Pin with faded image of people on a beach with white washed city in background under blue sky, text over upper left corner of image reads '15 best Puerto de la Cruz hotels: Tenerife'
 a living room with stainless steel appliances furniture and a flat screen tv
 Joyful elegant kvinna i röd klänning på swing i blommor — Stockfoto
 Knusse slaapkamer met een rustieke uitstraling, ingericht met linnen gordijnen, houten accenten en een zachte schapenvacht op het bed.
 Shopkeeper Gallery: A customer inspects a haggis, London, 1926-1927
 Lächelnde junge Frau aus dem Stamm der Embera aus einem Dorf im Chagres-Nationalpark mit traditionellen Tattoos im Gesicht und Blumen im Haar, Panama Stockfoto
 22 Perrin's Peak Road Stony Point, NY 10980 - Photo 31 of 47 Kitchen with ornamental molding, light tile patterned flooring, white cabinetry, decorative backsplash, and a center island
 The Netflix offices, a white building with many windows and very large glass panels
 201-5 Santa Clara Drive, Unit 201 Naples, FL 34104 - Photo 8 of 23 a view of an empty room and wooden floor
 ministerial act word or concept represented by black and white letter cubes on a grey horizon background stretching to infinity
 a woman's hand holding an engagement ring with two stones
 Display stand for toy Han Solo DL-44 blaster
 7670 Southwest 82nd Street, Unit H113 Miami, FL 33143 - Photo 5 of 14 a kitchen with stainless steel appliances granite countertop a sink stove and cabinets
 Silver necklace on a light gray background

--------------------------------------------------

▸ AIM OF THE TASK
No lines before the one containing "22 Perrin's Peak" belong in the answer; write out that line and each one after it exactly, through the end of the records.

▸ PROBLEM SOLUTION
 22 Perrin's Peak Road Stony Point, NY 10980 - Photo 31 of 47 Kitchen with ornamental molding, light tile patterned flooring, white cabinetry, decorative backsplash, and a center island
 The Netflix offices, a white building with many windows and very large glass panels
 201-5 Santa Clara Drive, Unit 201 Naples, FL 34104 - Photo 8 of 23 a view of an empty room and wooden floor
 ministerial act word or concept represented by black and white letter cubes on a grey horizon background stretching to infinity
 a woman's hand holding an engagement ring with two stones
 Display stand for toy Han Solo DL-44 blaster
 7670 Southwest 82nd Street, Unit H113 Miami, FL 33143 - Photo 5 of 14 a kitchen with stainless steel appliances granite countertop a sink stove and cabinets
 Silver necklace on a light gray background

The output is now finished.